= Claudiu Crăciun =

Romanian academic, activist and politician

Claudiu Crăciun (born 2 November 1978) is a Romanian academic, environmental and civic activist. A lecturer at the National School of Political Science and Public Administration, Crăciun has been active in Romanian civil society, having been involved in the 2012 Romanian protests, the 2013 Romanian protests against the Roșia Montană Project and the protests against illegal logging in 2015. He led a campaign to run as a candidate at the 2019 Romanian presidential election, which collected 13,000 signatures but failed to meet the threshold required (200,000) by Romanian electoral law.
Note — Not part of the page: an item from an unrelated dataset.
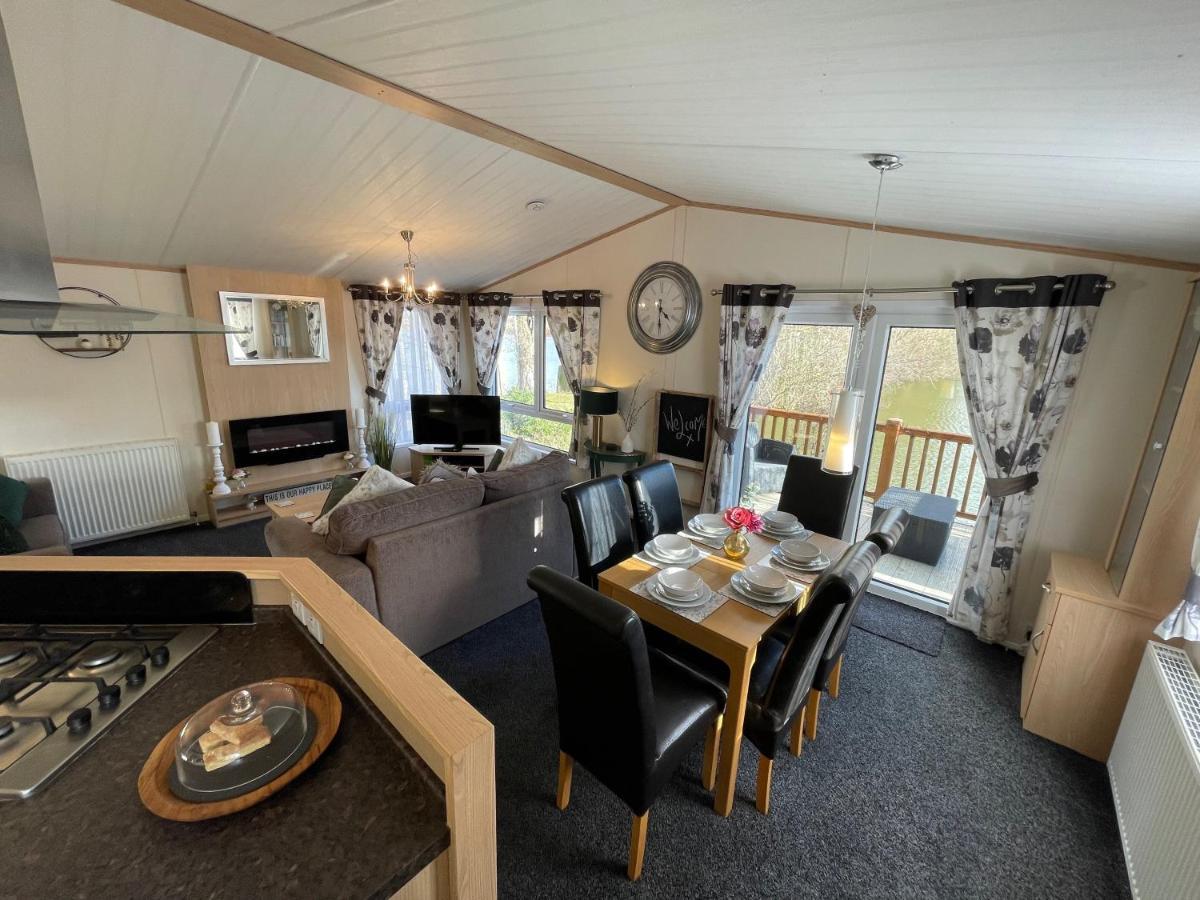 Дом отдыха Rudd Luxury Lakeside With Fishing & Hot Tub@tattershall *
He is the Secretary-General of the Democracy and Solidarity Party (Demos), founded in 2016 and registered in 2018.

==Activism and protests==
===2012 Romanian protests===

In January 2012, Crăciun was one of the people involved in the 2012 Romanian protests. When Remus Cernea began his collaboration with the Social-Democrats by participating to a demonstration organized by them, Crăciun resigned from the party, accusing Cernea of "the immorality of pretending to represent the protesters" and claiming that he was trying the politicization of the protests. Crăciun argued that he wanted to "reinvent the citizen" before "reinventing the politician".

===2013 protests against the Roșia Montană Project===

Crăciun was involved during the months-long 2013 protests as well, his level of involvement making the press to claim he was one of the "informal leaders" of the movement.

In 2014 Craciun was one of the civic activists asking for a complete reform of the electoral system in Romania. In 2015 he was also active in the protests against illegal logging in Romania.

===Creation of the Democracy and Solidarity Party===

Crăciun is the Secretary-General of the Democracy and Solidarity Party (Demos), which was started in 2015 as a platform and was made a political party on 15 September 2016. Demos was officially registered as one on 1 September 2018.